Global warming is putting wine under threat

Alice Sholl
Contributor
Imagine working outdoors at 36C [Photo: Pexels]

We can’t ignore global warming any longer.

Particularly wine lovers, as recent analysis has revealed that it’s threatening wine production.

Increased temperatures in the Mediterranean – which from your holidays, you can probably guess was already rather warm – is becoming too hot for workers to work productively in.

Because, as you can imagine, picking grapes all day in the blistering heat isn’t easy.

Could this soon be a thing of the past? [Photo: Pexels]

Researchers analysed productivity levels of grape pickers in Cyprus, following them at different times of year to see if temperature changed things.

And when in summer, temperatures spiked at 36C, a labour loss of up to 27% was recorded.

The researchers put this down to increased exertion on workers’ cardiovascular and metabolic systems. Ouch.

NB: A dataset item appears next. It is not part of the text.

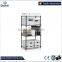 TC4832 Heavy Duty Wire Shelving System, 4-Tier,Black Steel 4-Shelf Shelving Unit 2Black Steel Storage Rack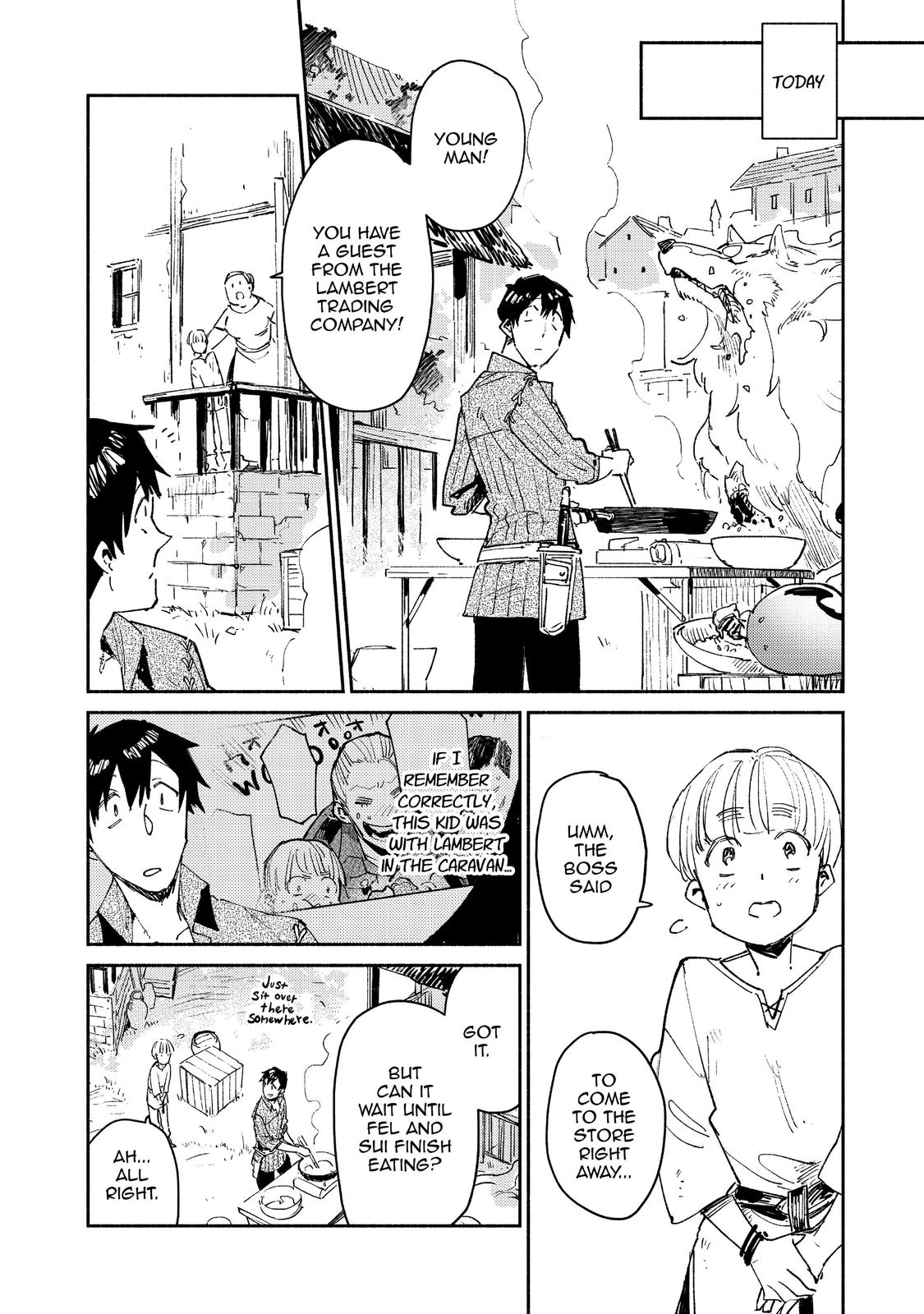Read Campfire Cooking in Another World with My Absurd Skill EN Manga Online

And there’s the matter of working safely, too – in hotter months, workers were able to be out there in the fields 15% less as they needed more irregular and unplanned breaks.

Perhaps wine and the sun aren’t such a great mix after all [Photo: Pexels]

So increasing temperatures thanks to climate change will hardly be doing the industry any good – and could result in huge losses globally.

“Given the increase in environmental temperature during the past five millennia in regions such as the Mediterranean, the workers who currently pick the grapes carry out their jobs under adverse environmental conditions,” the study reads.

A lot of work goes into these glasses [Photo: Pexels]

“In Cyprus, for instance, the mean maximum temperature in August (the main part of the harvest season) is around 36C.

“These working conditions would be considered a heat-wave in Central European countries such as Germany.

Considering many of us wouldn’t even sunbathe in temperatures as high as 36C, imagine doing hard labour in that heat.

Which makes having to miss out on our favourite glass of Merlot a little easier to handle.